[Source records]

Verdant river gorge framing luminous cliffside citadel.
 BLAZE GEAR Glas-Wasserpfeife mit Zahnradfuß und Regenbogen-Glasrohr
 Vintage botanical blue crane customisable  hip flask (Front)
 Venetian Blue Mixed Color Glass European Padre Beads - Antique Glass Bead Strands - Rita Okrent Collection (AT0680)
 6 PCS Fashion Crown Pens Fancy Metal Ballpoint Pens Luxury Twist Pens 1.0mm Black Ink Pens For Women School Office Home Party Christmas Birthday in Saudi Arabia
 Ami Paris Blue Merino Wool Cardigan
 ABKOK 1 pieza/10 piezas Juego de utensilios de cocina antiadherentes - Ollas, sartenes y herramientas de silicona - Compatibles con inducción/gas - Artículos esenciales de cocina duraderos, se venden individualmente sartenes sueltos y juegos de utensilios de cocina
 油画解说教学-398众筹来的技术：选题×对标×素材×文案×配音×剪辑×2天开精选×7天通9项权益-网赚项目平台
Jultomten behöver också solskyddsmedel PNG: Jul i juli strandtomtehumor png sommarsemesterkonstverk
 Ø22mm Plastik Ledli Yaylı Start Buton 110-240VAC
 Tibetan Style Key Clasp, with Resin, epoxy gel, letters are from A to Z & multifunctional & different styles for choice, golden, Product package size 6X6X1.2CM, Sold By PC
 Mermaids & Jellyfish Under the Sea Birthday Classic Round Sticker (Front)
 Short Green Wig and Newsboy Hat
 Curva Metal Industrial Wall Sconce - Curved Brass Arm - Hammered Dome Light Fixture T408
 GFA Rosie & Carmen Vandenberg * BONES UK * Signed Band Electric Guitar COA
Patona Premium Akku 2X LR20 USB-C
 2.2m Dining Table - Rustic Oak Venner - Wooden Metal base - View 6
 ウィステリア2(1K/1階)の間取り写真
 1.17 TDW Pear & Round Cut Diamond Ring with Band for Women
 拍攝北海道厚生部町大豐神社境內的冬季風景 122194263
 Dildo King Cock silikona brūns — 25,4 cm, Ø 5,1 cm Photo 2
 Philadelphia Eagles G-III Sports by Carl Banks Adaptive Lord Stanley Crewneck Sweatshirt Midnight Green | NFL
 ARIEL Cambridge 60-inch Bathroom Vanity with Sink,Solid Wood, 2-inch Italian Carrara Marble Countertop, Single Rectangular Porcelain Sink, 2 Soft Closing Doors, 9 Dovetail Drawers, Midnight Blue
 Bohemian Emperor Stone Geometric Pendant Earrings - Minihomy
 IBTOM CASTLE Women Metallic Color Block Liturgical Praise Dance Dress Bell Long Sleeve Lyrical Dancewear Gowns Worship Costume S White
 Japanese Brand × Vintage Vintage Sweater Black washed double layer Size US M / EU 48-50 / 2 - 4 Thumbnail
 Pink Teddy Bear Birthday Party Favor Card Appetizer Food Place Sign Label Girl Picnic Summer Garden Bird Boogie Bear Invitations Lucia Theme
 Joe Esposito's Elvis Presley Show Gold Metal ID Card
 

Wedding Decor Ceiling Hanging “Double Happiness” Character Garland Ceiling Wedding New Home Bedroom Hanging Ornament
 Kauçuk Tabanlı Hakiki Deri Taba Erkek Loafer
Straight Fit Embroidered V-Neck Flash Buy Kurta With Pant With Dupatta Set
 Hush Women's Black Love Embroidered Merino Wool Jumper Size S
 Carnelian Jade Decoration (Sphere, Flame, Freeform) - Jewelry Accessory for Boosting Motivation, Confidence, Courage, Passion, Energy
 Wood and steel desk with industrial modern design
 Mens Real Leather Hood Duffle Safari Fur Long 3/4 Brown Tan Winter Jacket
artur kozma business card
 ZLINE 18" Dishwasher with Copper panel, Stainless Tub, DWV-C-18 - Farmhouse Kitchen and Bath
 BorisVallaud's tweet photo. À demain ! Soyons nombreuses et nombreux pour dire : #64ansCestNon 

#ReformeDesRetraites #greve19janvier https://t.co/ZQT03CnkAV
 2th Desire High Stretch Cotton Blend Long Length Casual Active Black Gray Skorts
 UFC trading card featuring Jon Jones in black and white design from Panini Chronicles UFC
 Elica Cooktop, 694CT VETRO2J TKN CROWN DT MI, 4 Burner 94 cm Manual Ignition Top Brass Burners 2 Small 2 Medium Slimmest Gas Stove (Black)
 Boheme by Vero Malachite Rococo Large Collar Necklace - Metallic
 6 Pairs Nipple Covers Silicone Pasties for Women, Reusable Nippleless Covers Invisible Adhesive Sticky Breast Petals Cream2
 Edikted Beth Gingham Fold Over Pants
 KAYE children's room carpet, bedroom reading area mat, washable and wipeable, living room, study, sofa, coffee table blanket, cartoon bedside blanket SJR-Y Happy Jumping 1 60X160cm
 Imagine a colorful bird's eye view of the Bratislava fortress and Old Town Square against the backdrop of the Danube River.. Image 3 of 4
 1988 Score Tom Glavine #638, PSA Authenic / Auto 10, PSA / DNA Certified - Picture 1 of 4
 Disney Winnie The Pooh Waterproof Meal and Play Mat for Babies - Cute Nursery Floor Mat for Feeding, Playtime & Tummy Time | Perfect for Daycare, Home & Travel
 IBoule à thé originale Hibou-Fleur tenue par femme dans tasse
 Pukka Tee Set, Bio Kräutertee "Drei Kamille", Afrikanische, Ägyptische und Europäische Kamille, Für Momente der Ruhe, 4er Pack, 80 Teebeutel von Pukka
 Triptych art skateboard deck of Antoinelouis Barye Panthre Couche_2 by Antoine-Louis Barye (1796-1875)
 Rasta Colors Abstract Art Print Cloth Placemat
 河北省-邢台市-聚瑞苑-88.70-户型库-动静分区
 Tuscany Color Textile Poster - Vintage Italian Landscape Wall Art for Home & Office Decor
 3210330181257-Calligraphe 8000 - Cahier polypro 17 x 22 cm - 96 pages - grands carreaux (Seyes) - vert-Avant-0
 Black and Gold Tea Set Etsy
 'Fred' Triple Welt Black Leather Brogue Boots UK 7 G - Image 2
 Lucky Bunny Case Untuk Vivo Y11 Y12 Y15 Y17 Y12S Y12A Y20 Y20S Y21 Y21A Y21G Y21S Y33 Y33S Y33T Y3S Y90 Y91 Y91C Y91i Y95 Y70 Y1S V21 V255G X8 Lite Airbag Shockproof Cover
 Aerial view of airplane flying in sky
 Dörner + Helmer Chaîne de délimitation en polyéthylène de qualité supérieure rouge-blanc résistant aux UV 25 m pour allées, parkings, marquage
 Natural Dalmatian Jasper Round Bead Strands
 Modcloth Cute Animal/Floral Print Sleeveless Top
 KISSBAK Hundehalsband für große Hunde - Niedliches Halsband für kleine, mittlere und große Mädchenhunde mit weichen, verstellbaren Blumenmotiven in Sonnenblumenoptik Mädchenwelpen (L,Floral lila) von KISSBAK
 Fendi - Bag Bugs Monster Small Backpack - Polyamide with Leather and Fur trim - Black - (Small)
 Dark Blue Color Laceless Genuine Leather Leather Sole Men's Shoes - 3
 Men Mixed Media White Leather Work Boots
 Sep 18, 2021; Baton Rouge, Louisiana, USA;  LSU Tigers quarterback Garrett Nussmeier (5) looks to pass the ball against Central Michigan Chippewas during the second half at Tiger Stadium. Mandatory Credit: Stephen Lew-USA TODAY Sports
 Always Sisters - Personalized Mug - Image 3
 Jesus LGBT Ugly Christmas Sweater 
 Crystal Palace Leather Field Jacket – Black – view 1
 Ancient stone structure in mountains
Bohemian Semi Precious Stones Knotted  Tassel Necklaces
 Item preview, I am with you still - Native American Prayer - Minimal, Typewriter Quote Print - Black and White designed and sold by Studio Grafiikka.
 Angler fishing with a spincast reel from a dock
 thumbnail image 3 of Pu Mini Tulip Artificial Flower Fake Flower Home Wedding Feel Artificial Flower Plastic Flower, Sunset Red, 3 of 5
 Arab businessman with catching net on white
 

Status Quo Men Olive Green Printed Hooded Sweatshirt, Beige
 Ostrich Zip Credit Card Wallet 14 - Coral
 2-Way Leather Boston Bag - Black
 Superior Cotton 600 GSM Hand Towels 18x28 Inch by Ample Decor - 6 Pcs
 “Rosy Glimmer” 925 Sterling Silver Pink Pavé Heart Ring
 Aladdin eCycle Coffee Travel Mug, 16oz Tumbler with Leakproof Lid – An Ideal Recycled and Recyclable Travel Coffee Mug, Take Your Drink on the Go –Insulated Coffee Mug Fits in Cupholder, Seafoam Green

> INSTRUCTIONS TO FOLLOW
Copy only this part of the entries above: the line with "#ReformeDesRetraites #greve19janvier https://t.co/ZQT03CnkAV", the line with "Natural Dalmatian Jasper Round Bead Strands", and the lines between, all exactly as written.

> THE ANSWER
#ReformeDesRetraites #greve19janvier https://t.co/ZQT03CnkAV
 2th Desire High Stretch Cotton Blend Long Length Casual Active Black Gray Skorts
 UFC trading card featuring Jon Jones in black and white design from Panini Chronicles UFC
 Elica Cooktop, 694CT VETRO2J TKN CROWN DT MI, 4 Burner 94 cm Manual Ignition Top Brass Burners 2 Small 2 Medium Slimmest Gas Stove (Black)
 Boheme by Vero Malachite Rococo Large Collar Necklace - Metallic
 6 Pairs Nipple Covers Silicone Pasties for Women, Reusable Nippleless Covers Invisible Adhesive Sticky Breast Petals Cream2
 Edikted Beth Gingham Fold Over Pants
 KAYE children's room carpet, bedroom reading area mat, washable and wipeable, living room, study, sofa, coffee table blanket, cartoon bedside blanket SJR-Y Happy Jumping 1 60X160cm
 Imagine a colorful bird's eye view of the Bratislava fortress and Old Town Square against the backdrop of the Danube River.. Image 3 of 4
 1988 Score Tom Glavine #638, PSA Authenic / Auto 10, PSA / DNA Certified - Picture 1 of 4
 Disney Winnie The Pooh Waterproof Meal and Play Mat for Babies - Cute Nursery Floor Mat for Feeding, Playtime & Tummy Time | Perfect for Daycare, Home & Travel
 IBoule à thé originale Hibou-Fleur tenue par femme dans tasse
 Pukka Tee Set, Bio Kräutertee "Drei Kamille", Afrikanische, Ägyptische und Europäische Kamille, Für Momente der Ruhe, 4er Pack, 80 Teebeutel von Pukka
 Triptych art skateboard deck of Antoinelouis Barye Panthre Couche_2 by Antoine-Louis Barye (1796-1875)
 Rasta Colors Abstract Art Print Cloth Placemat
 河北省-邢台市-聚瑞苑-88.70-户型库-动静分区
 Tuscany Color Textile Poster - Vintage Italian Landscape Wall Art for Home & Office Decor
 3210330181257-Calligraphe 8000 - Cahier polypro 17 x 22 cm - 96 pages - grands carreaux (Seyes) - vert-Avant-0
 Black and Gold Tea Set Etsy
 'Fred' Triple Welt Black Leather Brogue Boots UK 7 G - Image 2
 Lucky Bunny Case Untuk Vivo Y11 Y12 Y15 Y17 Y12S Y12A Y20 Y20S Y21 Y21A Y21G Y21S Y33 Y33S Y33T Y3S Y90 Y91 Y91C Y91i Y95 Y70 Y1S V21 V255G X8 Lite Airbag Shockproof Cover
 Aerial view of airplane flying in sky
 Dörner + Helmer Chaîne de délimitation en polyéthylène de qualité supérieure rouge-blanc résistant aux UV 25 m pour allées, parkings, marquage
 Natural Dalmatian Jasper Round Bead Strands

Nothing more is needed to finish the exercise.